26.07.20

„Unser rationales Denken hebelt sich gerne selber aus. Schau dir die Querdenker und Maßnahmenbefürworter an. Beide Gruppen sind sich unter Garantie in einer Sache einig: Dass sie natürlich ihre Meinung ändern würden, wenn ihnen auch nur ein Argument zu Ohren käme, das ihre bisherige eindeutig widerlegt.“
„Ja.“
„Das Problem ist aber, wie die diese ursprüngliche Meinung zustande kam. Es gibt eine Reihe von Experimenten, die belegen, dass man Dinge, die man fälschlicherweise als richtig gelernt hat, zwar widerlegen kann, so dass die Leute dem selbst zustimmen; dann begehen sie aber den gleichen Fehler danach in anderen Zusammenhängen wieder – und das ist das Fatale daran.“
„Wie ist das denn möglich?“
„Wir lernen tiefer, als unser Bewusstsein reicht, wir alle zusammen, davor ist niemand gefeit.
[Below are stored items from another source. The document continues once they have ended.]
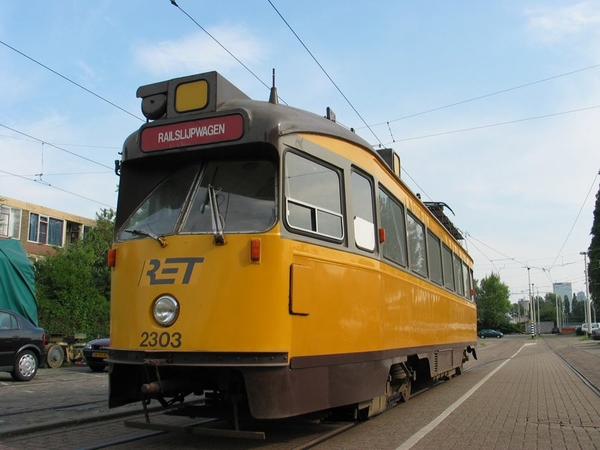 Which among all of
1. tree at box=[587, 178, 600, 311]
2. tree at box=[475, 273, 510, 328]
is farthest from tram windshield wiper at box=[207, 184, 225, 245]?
tree at box=[475, 273, 510, 328]

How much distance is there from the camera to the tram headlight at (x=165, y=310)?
4.89 meters

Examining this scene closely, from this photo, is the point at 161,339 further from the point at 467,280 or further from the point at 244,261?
the point at 467,280

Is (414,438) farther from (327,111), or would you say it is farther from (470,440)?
(327,111)

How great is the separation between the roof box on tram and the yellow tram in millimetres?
12

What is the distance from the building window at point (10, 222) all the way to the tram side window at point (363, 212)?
27.9m

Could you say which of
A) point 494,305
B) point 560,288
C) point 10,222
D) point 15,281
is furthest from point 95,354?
point 560,288

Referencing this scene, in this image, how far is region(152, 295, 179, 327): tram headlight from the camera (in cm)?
489

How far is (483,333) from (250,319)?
73058mm

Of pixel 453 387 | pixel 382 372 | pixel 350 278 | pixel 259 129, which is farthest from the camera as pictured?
pixel 453 387

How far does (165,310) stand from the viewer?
16.1ft

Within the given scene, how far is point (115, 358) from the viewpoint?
17.2ft

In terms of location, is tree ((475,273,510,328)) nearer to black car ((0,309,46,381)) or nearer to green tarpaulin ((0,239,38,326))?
green tarpaulin ((0,239,38,326))

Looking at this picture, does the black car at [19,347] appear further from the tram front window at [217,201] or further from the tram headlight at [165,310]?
the tram headlight at [165,310]

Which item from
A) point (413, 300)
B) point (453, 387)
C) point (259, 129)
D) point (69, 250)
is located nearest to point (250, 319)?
point (259, 129) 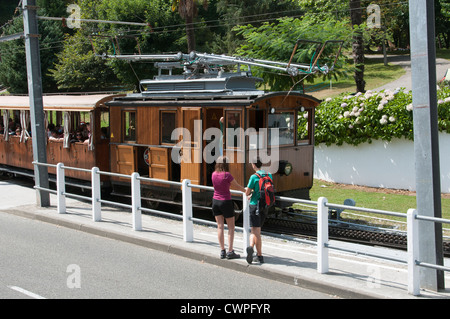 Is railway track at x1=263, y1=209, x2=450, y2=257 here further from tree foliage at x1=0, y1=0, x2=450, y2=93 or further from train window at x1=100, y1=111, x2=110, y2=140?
tree foliage at x1=0, y1=0, x2=450, y2=93

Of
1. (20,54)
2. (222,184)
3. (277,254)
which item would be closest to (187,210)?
(222,184)

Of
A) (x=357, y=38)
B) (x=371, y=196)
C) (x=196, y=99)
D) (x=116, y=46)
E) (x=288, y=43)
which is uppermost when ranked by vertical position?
(x=116, y=46)

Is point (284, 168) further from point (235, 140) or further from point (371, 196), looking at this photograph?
point (371, 196)

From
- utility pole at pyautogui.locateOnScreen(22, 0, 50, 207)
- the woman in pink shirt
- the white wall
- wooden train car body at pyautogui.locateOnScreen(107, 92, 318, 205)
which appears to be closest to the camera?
the woman in pink shirt

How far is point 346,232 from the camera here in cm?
1127

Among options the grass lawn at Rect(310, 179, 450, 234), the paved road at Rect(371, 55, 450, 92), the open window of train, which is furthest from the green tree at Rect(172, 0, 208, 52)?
the paved road at Rect(371, 55, 450, 92)

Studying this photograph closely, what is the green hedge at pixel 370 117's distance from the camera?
1708cm

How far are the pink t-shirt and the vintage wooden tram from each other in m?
3.13

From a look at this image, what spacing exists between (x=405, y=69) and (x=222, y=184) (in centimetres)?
4187

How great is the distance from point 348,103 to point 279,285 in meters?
11.9

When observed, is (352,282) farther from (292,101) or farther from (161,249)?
(292,101)

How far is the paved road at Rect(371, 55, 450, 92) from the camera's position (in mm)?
39469
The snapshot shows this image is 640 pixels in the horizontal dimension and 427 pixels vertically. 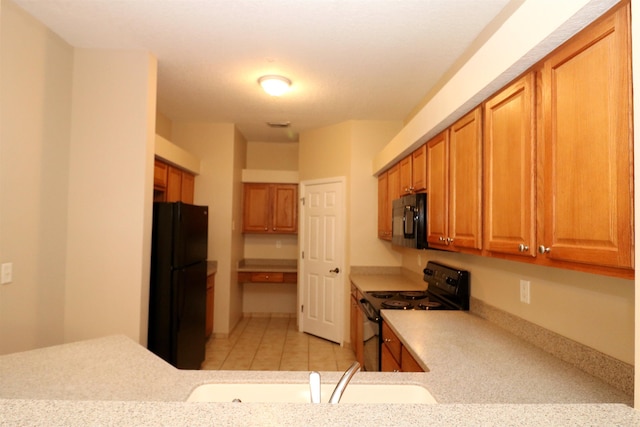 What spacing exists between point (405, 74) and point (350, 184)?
4.89 feet

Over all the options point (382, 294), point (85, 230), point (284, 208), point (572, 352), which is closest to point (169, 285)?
point (85, 230)

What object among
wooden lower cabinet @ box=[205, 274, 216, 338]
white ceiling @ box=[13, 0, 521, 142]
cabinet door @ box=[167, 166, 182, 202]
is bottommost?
wooden lower cabinet @ box=[205, 274, 216, 338]

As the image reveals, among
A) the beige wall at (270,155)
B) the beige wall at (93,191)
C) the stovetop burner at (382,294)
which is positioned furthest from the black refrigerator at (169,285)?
the beige wall at (270,155)

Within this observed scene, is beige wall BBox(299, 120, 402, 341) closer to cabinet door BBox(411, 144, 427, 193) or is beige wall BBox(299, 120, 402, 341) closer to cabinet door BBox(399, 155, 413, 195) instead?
cabinet door BBox(399, 155, 413, 195)

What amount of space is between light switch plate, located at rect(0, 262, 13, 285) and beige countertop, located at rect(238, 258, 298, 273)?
9.64 feet

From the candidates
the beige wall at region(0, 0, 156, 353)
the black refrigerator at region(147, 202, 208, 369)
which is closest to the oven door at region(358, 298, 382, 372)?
the black refrigerator at region(147, 202, 208, 369)

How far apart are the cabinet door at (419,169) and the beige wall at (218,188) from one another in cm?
251

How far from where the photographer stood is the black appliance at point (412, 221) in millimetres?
2602

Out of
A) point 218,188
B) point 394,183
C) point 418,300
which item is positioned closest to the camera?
point 418,300

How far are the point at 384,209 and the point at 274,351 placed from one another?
6.61 feet

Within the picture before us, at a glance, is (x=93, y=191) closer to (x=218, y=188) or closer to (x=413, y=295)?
(x=218, y=188)

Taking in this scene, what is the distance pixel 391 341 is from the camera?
7.04 feet

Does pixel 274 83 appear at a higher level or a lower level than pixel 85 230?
higher

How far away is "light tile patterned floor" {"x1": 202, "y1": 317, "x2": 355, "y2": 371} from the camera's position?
3537 millimetres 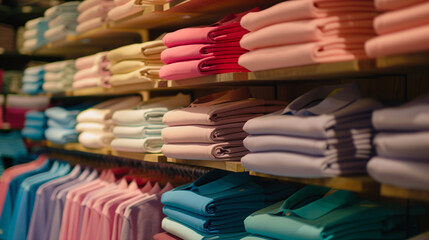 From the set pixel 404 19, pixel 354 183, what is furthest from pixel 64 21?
pixel 404 19

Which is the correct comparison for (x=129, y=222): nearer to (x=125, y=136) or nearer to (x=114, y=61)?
(x=125, y=136)

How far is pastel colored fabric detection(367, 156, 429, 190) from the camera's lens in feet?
3.93

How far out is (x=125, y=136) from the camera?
2.88m

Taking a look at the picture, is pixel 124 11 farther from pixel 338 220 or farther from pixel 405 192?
pixel 405 192

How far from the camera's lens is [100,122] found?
329 centimetres

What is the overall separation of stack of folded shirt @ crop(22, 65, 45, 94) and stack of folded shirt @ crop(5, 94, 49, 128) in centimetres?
51

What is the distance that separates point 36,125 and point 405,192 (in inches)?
148

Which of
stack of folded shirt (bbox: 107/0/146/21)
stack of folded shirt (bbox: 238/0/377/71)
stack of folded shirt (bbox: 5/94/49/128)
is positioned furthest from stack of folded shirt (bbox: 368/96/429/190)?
stack of folded shirt (bbox: 5/94/49/128)

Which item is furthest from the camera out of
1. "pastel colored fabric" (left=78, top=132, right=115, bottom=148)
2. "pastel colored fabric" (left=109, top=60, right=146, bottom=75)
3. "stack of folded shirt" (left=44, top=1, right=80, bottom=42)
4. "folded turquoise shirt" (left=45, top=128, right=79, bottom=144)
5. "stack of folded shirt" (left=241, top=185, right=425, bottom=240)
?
"stack of folded shirt" (left=44, top=1, right=80, bottom=42)

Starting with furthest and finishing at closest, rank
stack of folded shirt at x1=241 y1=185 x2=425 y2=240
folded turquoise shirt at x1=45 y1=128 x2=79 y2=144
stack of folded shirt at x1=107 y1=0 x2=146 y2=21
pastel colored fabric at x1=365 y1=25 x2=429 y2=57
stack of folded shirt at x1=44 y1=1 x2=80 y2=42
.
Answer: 1. stack of folded shirt at x1=44 y1=1 x2=80 y2=42
2. folded turquoise shirt at x1=45 y1=128 x2=79 y2=144
3. stack of folded shirt at x1=107 y1=0 x2=146 y2=21
4. stack of folded shirt at x1=241 y1=185 x2=425 y2=240
5. pastel colored fabric at x1=365 y1=25 x2=429 y2=57

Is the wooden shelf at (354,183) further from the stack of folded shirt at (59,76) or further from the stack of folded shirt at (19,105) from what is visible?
the stack of folded shirt at (19,105)

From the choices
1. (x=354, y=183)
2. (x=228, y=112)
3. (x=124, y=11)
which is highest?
(x=124, y=11)

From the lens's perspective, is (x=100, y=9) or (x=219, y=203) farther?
(x=100, y=9)

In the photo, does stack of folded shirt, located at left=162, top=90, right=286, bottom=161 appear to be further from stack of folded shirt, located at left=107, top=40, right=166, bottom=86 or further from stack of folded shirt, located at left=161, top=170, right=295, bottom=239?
stack of folded shirt, located at left=107, top=40, right=166, bottom=86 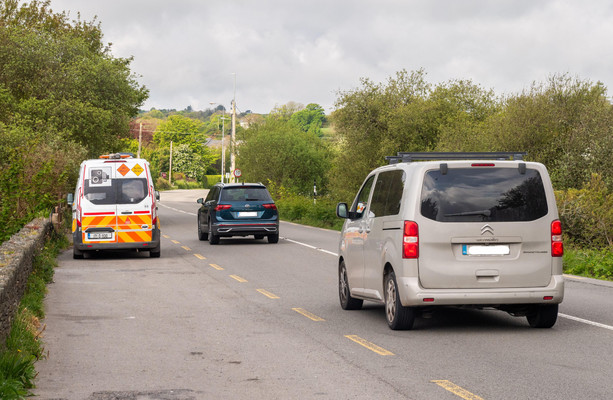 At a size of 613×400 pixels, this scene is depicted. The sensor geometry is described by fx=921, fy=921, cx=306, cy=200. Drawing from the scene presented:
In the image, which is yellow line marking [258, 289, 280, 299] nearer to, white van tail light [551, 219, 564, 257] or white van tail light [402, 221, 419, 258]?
white van tail light [402, 221, 419, 258]

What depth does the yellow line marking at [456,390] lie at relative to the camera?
21.5 feet

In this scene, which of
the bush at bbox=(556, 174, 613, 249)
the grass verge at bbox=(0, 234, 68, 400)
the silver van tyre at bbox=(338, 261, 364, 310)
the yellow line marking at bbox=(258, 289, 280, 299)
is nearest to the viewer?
the grass verge at bbox=(0, 234, 68, 400)

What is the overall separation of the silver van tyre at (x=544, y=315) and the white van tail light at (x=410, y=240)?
1.57 meters

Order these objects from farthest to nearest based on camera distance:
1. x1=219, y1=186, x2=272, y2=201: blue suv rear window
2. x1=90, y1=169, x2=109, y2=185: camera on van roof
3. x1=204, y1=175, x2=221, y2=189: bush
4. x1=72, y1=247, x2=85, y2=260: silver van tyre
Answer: x1=204, y1=175, x2=221, y2=189: bush, x1=219, y1=186, x2=272, y2=201: blue suv rear window, x1=90, y1=169, x2=109, y2=185: camera on van roof, x1=72, y1=247, x2=85, y2=260: silver van tyre

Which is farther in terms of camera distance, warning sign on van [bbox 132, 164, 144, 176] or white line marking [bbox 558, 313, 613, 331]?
warning sign on van [bbox 132, 164, 144, 176]

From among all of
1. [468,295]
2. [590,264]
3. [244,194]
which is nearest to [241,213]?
[244,194]

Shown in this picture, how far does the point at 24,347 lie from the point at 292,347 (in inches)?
97.3

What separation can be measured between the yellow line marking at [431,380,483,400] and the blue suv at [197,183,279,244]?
1718cm

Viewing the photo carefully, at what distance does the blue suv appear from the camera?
79.2 feet

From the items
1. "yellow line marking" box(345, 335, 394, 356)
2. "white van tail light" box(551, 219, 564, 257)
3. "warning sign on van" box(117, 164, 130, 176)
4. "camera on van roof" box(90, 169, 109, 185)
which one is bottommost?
"yellow line marking" box(345, 335, 394, 356)

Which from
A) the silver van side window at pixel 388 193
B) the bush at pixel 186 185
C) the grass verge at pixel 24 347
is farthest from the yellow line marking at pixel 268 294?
the bush at pixel 186 185

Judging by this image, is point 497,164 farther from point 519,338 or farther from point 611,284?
point 611,284

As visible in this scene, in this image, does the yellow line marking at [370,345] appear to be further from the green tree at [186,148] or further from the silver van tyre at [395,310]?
the green tree at [186,148]

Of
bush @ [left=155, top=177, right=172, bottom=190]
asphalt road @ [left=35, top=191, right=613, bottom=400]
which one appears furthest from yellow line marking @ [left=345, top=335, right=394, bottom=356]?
bush @ [left=155, top=177, right=172, bottom=190] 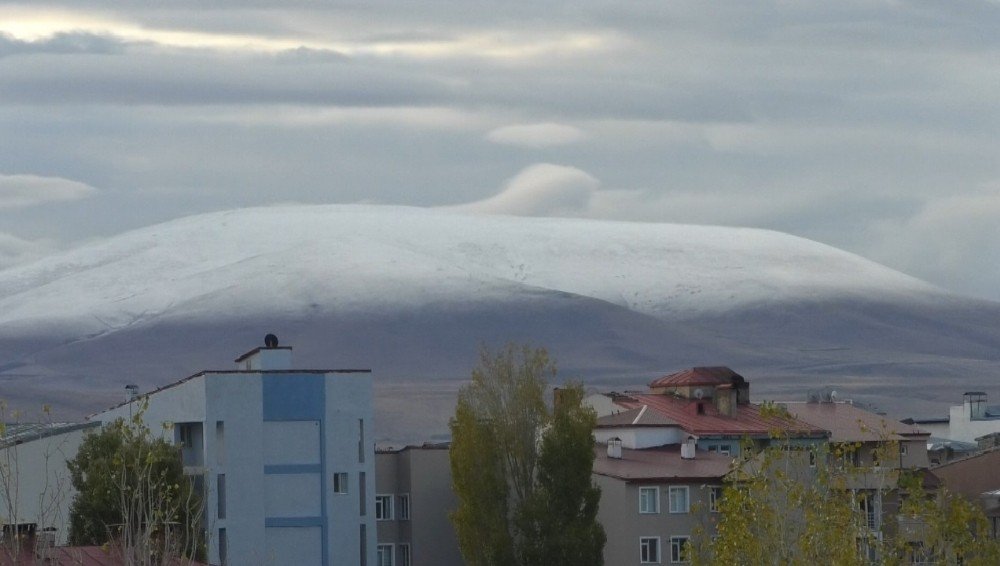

Die ersten Fehler reichen da sehr, sehr weit in unsere Kindheit zurück. Im Endergebnis wähnt sich dann jeder auf der richtigen Seite.“
„Ah, ‚confirmation bias‘ und so was?“
„Unter anderem, ja.“ Heßler seufzte. „Manchen Unfug in uns werden wir nie wieder los.“
„Draußen auch nicht“, meinte ich. „Die Deppen bleiben ja leider nicht mehr zu Hause.“
„Sieht man ja an uns“, sagte er. „Können wir bitte wieder zurück gehen? So viel Sonne auf einmal vertrage ich nicht.“
„Du hast da übrigens noch Spinat von deinem griechischen Omelett zwischen den Zähnen“, stellte ich fest.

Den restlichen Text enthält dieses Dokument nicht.